Why is it that these supercomputers are never built with top of the line super chips? Dual core Opterons? What is that gayness about? A few years ago called and it wants its shitty chips back. ZING!

Anyway, why the f*** do they need to spend $100 million on a massive supercomputer to keep the USAs nukes safe? Try locking that shit and changing the password from "password". Common sense FT-dub!

Perhaps we could use this monster computor for something good... I dunno crazy idea but perhaps solve the energy crisis? O... How about a cancer cure?

#22: Really? Well, here goes: AMD Opeteron Dual cores are the industry standard. In order to become the industry standard, the product has to be tested for several years and checked for reliability, durability, longevity, and maximum output (I excel in all of these categories). So yes, while there are quad cores out and octa-cores out and what not, the AMD opterons are what major companies use since they are awesome.
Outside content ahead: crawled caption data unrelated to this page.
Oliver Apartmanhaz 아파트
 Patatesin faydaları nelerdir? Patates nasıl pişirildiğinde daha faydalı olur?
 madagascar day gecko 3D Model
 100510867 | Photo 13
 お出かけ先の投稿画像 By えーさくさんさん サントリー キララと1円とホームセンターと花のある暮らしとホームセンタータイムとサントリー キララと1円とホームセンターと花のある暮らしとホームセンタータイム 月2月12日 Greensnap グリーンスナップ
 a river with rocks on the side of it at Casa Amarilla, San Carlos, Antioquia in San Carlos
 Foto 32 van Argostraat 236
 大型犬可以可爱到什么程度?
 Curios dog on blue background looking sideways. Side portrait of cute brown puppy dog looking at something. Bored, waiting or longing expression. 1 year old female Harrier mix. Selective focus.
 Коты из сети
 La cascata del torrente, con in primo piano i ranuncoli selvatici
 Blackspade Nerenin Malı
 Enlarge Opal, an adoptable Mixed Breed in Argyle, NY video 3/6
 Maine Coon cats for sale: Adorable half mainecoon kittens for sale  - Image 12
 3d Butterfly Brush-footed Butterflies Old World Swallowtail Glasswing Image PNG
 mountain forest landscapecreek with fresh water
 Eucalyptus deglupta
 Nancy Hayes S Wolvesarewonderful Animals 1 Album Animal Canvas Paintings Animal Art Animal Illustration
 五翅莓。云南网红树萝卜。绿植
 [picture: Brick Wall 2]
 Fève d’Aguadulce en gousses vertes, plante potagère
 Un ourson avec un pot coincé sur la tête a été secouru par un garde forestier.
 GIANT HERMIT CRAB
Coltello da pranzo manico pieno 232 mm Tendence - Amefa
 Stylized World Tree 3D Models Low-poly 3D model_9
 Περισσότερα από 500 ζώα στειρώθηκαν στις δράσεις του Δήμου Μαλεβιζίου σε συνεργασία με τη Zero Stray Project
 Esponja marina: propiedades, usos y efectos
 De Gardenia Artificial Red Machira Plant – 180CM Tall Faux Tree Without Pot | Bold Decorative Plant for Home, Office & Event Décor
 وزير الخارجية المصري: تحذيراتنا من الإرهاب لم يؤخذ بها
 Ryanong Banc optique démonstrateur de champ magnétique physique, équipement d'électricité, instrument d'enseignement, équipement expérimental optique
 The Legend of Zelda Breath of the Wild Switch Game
So, according to the cnn story (http://www.cnn.com/2008/TECH/06/09/fastest.computer.ap/index.html): "if every one of the 6 billion people on Earth used a hand-held computer and worked 24 hours a day, it would take them 46 years to do what the Roadrunner computer can do in a single day." Either we've got some networking problems with these devices or cnn's idea of a handheld device is an abacus, 'cause I think that works out to a bit less than 10 hertz. Gotta love media reports on science and technology.